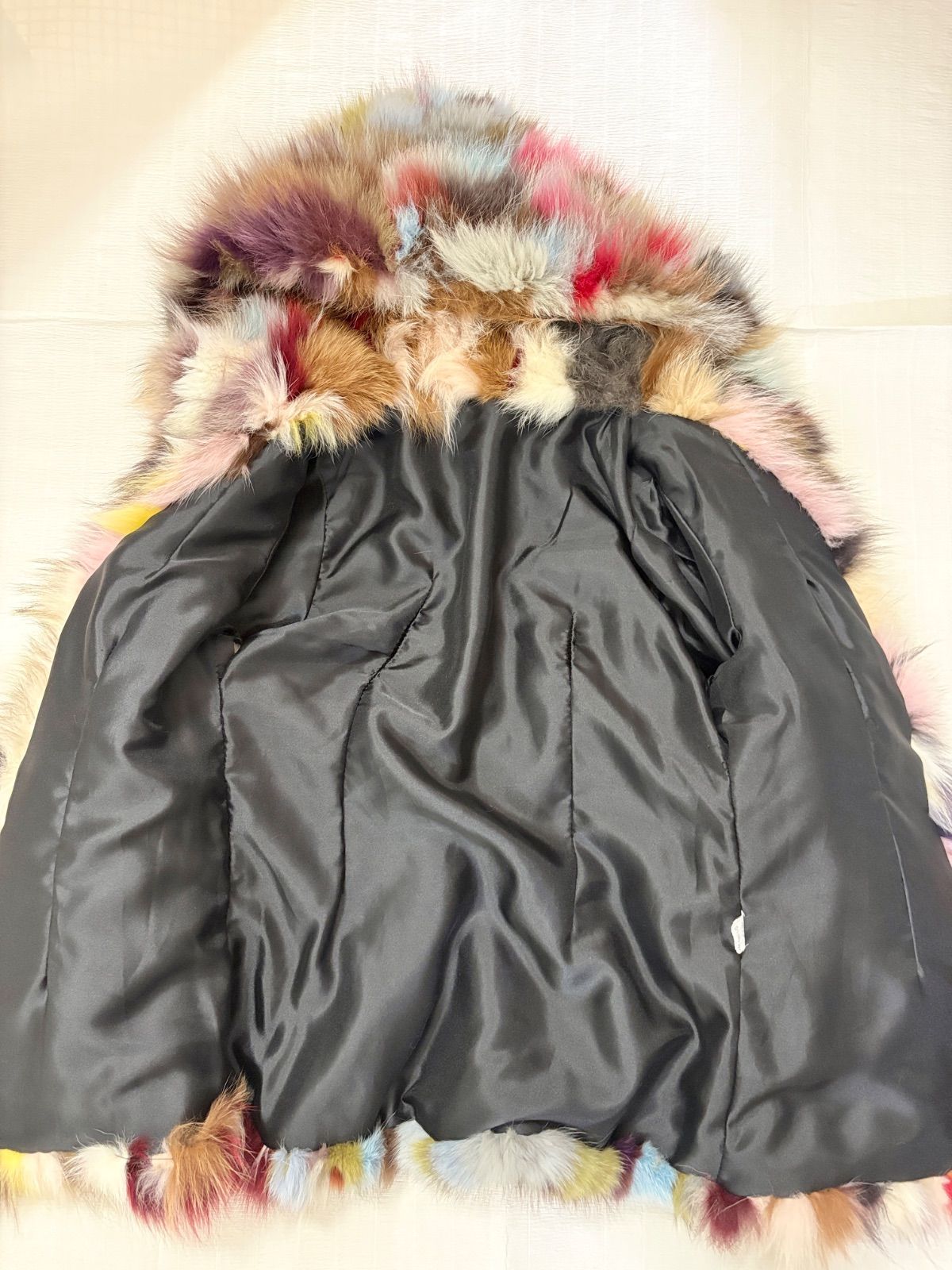 フォックスファーコート 毛皮 リアルファー カラフル C2510171 - メルカリ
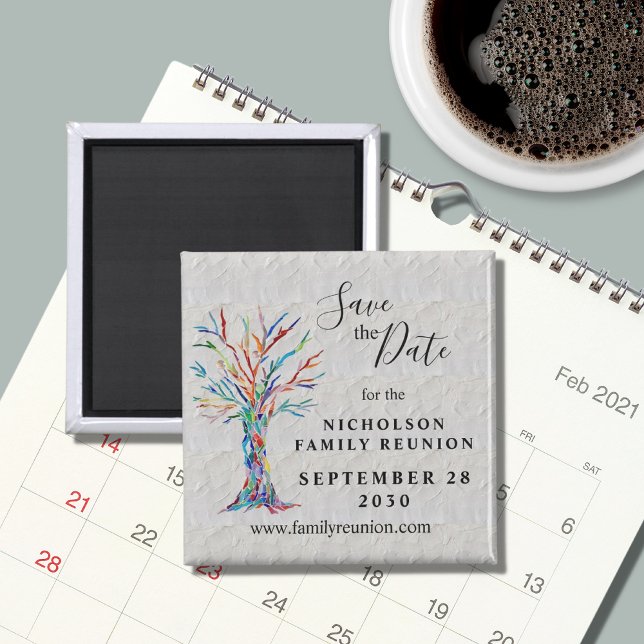 Family Tree Family Wiedersehen Save the Date Magnet (Von Creator hochgeladen)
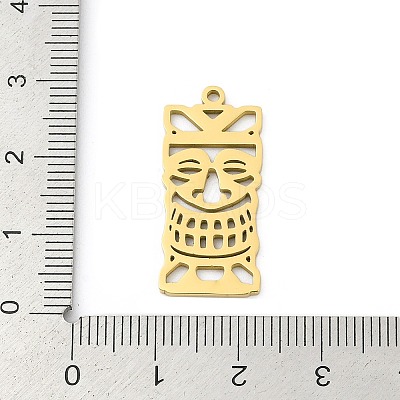 304 Stainless Steel Pendants STAS-U041-03D-G-1
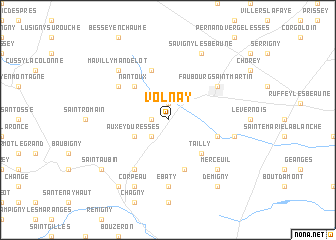 map of Volnay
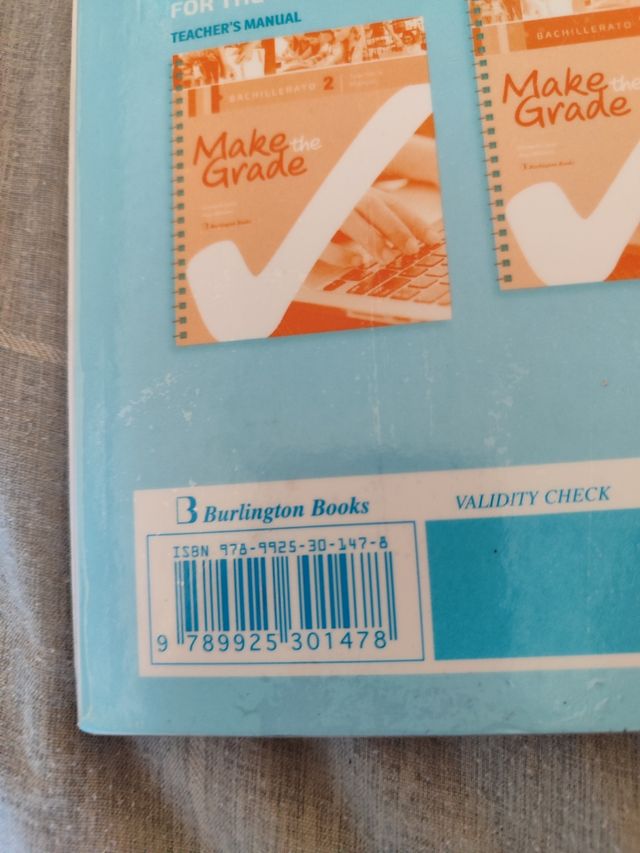 Libros 1° y 2° bachiller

========

WHAT TO WORK ON -
Restate word for word only the lines that run from the line holding "Family Tree Family" to the end of the data, both ends kept, leaving every picture out.

ANSWER FOR THE TASK -
 Family Tree Family Wiedersehen Save the Date Magnet (Von Creator hochgeladen)
 304 Stainless Steel Pendants STAS-U041-03D-G-1
 map of Volnay
 Libros 1° y 2° bachiller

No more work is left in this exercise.